Feyza Engin, Ph.D., joined the University of Wisconsin-Madison, School of Medicine and Public Health in October 2014 and is currently an Associate Professor in the Department of Biomolecular Chemistry. She is an affiliate faculty in Department of Cell and Regenerative Biology, and Endocrinology, Metabolism and Obesity Division of Department of Medicine.

Dr. Engin obtained her Pharmacy and Master’s degrees from Istanbul University. She received her Ph.D. degree in Genetics at Baylor College of Medicine with Dr. Brendan Lee, where she demonstrated for the first time that Notch signaling regulates both the terminal differentiation of osteoblasts and osteoblast-dependent osteoclast activity during skeletal development, and that dysregulation of these programs leads to bone disorders including osteoporosis, osteosclerosis and osteosarcomas.

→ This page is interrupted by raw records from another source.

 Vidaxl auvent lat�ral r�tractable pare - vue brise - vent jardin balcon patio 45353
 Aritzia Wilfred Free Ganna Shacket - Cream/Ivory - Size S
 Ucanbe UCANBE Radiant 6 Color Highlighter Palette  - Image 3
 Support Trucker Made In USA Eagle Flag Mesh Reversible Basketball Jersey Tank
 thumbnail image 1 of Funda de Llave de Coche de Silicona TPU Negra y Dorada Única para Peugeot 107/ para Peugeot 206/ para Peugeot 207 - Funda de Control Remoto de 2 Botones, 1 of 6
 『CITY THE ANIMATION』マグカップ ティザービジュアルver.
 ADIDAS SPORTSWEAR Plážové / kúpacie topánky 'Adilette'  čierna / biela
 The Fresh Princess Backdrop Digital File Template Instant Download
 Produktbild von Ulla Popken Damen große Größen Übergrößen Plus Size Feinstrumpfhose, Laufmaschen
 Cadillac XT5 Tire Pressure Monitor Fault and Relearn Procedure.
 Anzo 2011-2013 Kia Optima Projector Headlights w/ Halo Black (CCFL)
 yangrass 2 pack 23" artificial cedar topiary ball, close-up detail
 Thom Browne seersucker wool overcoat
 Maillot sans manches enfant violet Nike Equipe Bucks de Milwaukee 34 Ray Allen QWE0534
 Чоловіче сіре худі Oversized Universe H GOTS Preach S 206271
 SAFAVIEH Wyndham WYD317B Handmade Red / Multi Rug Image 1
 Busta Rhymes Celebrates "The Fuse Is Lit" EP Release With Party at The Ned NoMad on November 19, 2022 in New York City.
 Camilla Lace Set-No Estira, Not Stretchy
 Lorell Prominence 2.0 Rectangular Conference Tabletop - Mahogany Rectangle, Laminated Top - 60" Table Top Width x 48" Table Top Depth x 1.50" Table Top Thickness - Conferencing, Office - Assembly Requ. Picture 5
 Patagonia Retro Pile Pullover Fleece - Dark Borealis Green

Following completion of her graduate studies, she joined the laboratory of Dr. Gökhan Hotamisligil at Harvard University for her postdoctoral studies. There she demonstrated that endoplasmic reticulum stress and the aberrant unfolded protein responses in pancreatic β-cells play a critical role in the progression of autoimmune diabetes and mitigating endoplasmic reticulum stress pharmacologically can prevent type 1 diabetes in preclinical animal models.

Our laboratory is dedicated to uncovering the underlying causes of type 1 diabetes as well as metabolic disorders such as obesity and type 2 diabetes with the ultimate goal of finding preventative and therapeutic regiments for these diseases.

Through studies in cell culture and transgenic mouse model systems, as well as human islets and taking a multi-disciplinary approach combining biochemistry, cell biology, genetics, imaging, single cell -omics technology, bioinformatics, immunology as well as pharmacological tools we aim to elucidate the role of stress responses, aberrant interorganellar, and intercellular communications in the pathogenesis of type 1 and type 2 diabetes.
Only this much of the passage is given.